How banks can fudge small-business lending data
If GDP figures for the economy in the second quarter of 2011 turn out to be as weak as most economists expect, the question of whether the banks are doing enough to support private-sector enterprises will again be asked loudly by politicians and media.
So the so-called Project Merlin lending figures, due to be published next month, will be scrutinised, to see whether Barclays, HSBC, Lloyds, Royal Bank of Scotland and Santander have lent to business what they promised the Treasury they would lend.
But what exactly did the banks promise?
Well, the formal commitment was to provide "the appropriate capital and resources to support gross new lending to UK business...of £190bn", including £76bn for the important small business sector.

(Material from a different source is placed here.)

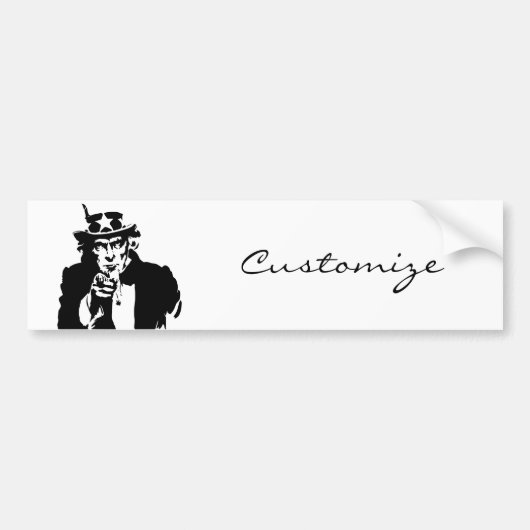 Oom Sam wil je Thunder_Cove Bumpersticker (Voorkant)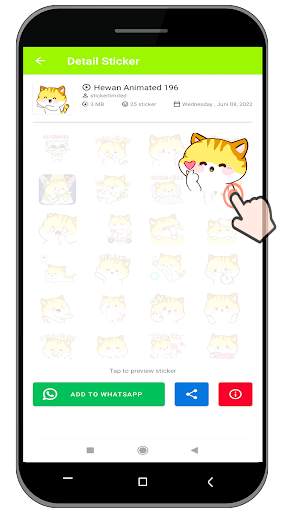 Sticker Hewan Gif WAStickerApp screenshot 6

Which looks clear enough, except for one thing: the banks use different definitions of business lending; so those targets disguise very different behaviour by different banks.

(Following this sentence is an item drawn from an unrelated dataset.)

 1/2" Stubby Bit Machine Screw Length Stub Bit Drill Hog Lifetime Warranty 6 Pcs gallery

So, for example, for four of the banks, lending to small and medium-sized enterprises or SMEs relates to lending facilities provided to businesses with turnover of up to £25m a year. However one bank defines SMEs as businesses with up to £15m of turnover.
More seriously perhaps, Royal Bank of Scotland - by far the biggest lender to small businesses - does not include undrawn overdraft facilities in its Merlin data. By contrast, the other banks include undrawn overdraft facilities in their Merlin numbers to a greater or lesser extent.
What that means is that most of the banks have the ability to hit their small business lending targets by increasing the borrowing limits of their existing reliable customers, whether or not those customers have demanded or want an increased overdraft.
And although raising borrowing limits might be useful to those customers, arguably it is not as useful for the economy as providing actual loans to companies wishing to expand, or diversify.
By the way, do let me know if you run a small business and you have been told out-of-the-blue that your overdraft limit has been increased, with no increase in charges.
As you can see, there is scope for the banks to hit the targets without fulfilling the spirit of the Merlin agreement, which was to provide credit to where it is needed most.
Of course, I am not saying that the banks would behave in that way. But it is worth saying that if the banks hit their lending targets for the second quarter of the year - and I am told they are very likely to hit those targets - the significance of that achievement will be hard to gauge.
Don't take my word for it. The Bank of England describes the Merlin numbers like this: "these data are not collected under the Bank of England's statistical code of practice and definitions of data vary across banks".
Or to put it another way, the way the Merlin data are compiled is a bit like allowing football clubs to each have a different method for deciding how many league points they get from matches.